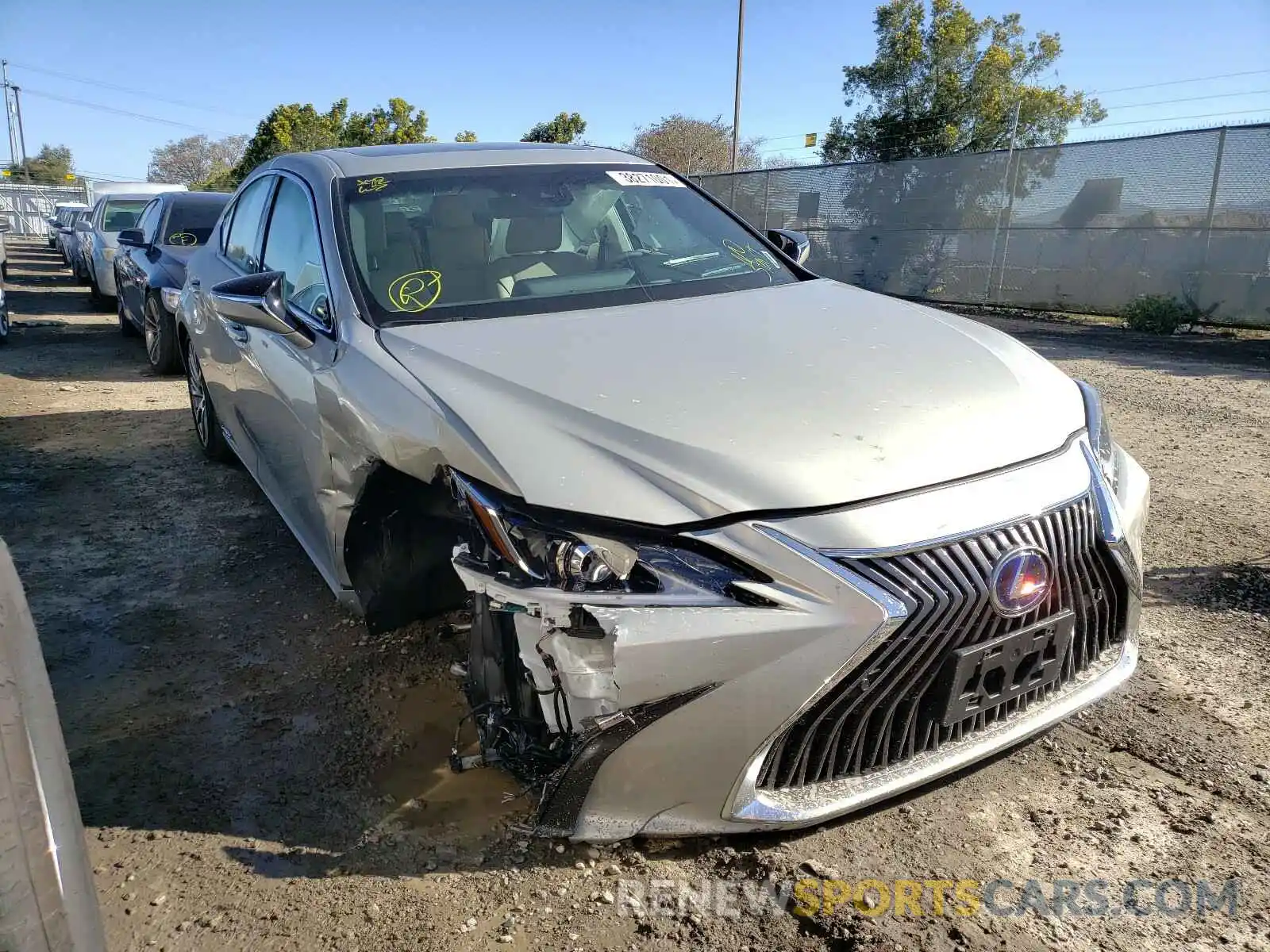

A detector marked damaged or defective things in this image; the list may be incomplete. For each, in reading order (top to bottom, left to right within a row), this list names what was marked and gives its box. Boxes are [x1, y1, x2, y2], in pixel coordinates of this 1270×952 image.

exposed headlight assembly [449, 472, 762, 604]
broken headlight [452, 472, 767, 604]
damaged silver sedan [176, 140, 1153, 843]
crushed hood [375, 279, 1082, 525]
exposed headlight assembly [1072, 383, 1122, 495]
*****
- Prompt: Give back each entry exactly as it appears. Leave pictures out.

- Response to the task:
A detector marked damaged or defective things in this image; the list may be incomplete. For each, in reading order (top to bottom, left to right within a row), this list names what was marked and gives its box. Boxes are [x1, y1, x2, y2], in pixel coordinates of this 1270×952 image.

exposed headlight assembly [449, 472, 762, 604]
broken headlight [452, 472, 767, 604]
damaged silver sedan [176, 140, 1153, 843]
crushed hood [375, 279, 1082, 525]
exposed headlight assembly [1072, 383, 1122, 495]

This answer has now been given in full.